Covering the Goulburn and Murray valleys

Renters suffering

Low-income renters in Shepparton are suffering from severe housing stress, new research has revealed.

DARREN LINTON February 7, 2013 4:10am

Low-income earners in Shepparton are suffering severe housing stress, with the percentage of income spent on accommodation reaching as much as 53 per cent of weekly earnings.

Tenants Union of Victoria said spending 30 per cent or more of household income on rent was considered an indicator of housing stress.

Its recently released Regional Affordability Bulletin found a single recipient of the Centrelink’s Austudy allowance would have 53.5 per cent of their income soaked up renting a one-bedroom flat in Shepparton.

A single jobseeker on Newstart would spend almost 46 per cent of their income.

A single Newstart recipient sharing a two-bedroom flat would be a little better off, but would still spend 35 per cent of income on rent, while a single pensioner would spend 32 per cent.

Housing stress was equally high for a couple on benefits with two children (35.6 per cent), but housing is significantly more affordable for the same grouping on either average weekly earnings (17 per cent) or a minimum wage (27.8 per cent).

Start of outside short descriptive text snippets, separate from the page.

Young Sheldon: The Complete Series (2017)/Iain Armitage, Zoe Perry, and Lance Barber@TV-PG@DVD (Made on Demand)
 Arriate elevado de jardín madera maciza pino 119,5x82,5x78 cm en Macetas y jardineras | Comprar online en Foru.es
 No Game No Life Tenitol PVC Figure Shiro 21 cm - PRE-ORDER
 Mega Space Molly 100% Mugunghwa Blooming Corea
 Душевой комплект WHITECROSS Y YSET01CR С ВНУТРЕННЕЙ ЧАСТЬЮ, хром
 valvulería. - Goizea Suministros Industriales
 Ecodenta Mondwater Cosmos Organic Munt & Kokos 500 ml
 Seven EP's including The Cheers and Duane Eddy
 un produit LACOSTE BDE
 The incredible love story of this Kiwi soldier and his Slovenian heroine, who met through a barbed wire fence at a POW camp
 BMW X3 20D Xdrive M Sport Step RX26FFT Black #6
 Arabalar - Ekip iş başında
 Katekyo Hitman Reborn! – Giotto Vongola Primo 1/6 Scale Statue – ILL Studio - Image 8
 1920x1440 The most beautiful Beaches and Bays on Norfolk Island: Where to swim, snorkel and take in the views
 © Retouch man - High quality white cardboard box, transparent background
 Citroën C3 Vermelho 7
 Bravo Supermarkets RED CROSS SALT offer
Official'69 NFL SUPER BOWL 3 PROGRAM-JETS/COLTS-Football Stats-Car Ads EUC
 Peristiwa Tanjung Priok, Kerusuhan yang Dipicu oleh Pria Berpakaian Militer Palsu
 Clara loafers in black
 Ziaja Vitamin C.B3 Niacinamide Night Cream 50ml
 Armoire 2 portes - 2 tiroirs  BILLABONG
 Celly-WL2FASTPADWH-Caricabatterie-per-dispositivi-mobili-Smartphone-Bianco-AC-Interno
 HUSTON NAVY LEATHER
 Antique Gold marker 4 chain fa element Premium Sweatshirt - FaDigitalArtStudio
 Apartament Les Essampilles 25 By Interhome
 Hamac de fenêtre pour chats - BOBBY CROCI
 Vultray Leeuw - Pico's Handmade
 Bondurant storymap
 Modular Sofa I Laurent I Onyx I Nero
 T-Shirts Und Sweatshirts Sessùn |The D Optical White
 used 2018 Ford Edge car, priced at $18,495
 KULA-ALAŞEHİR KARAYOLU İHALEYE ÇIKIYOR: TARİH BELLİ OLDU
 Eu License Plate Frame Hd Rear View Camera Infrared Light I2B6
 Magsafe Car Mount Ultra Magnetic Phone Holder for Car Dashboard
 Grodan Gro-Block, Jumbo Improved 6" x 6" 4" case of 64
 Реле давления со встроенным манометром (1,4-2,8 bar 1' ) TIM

The consequence of spending more than 30 per cent of earnings on housing is this expense then puts the individual or family income below the poverty line.

Tenants union policy worker Mike Williams said the figures showed the true extent of regional Victoria’s rental affordability problem.

‘‘A decade ago 80 per cent of rental properties in regional areas would be considered affordable according to the government’s own Rental Report,’’ he said.

‘‘Today, the figure is just 56 per cent.

‘‘Jobseekers, pensioners and students in regional areas should call on the Commonwealth Government to increase the rate of rental assistance, which is woefully inadequate.’’

Mr Williams said the Victorian Government should also announce its plans to increase affordability for renters in the regions where jobs and essential services were lacking.

‘‘With increasing public housing waiting lists in regional areas, urgent action is required to address demand for public housing assistance from renters who cannot afford to stay in the private market,’’ he said.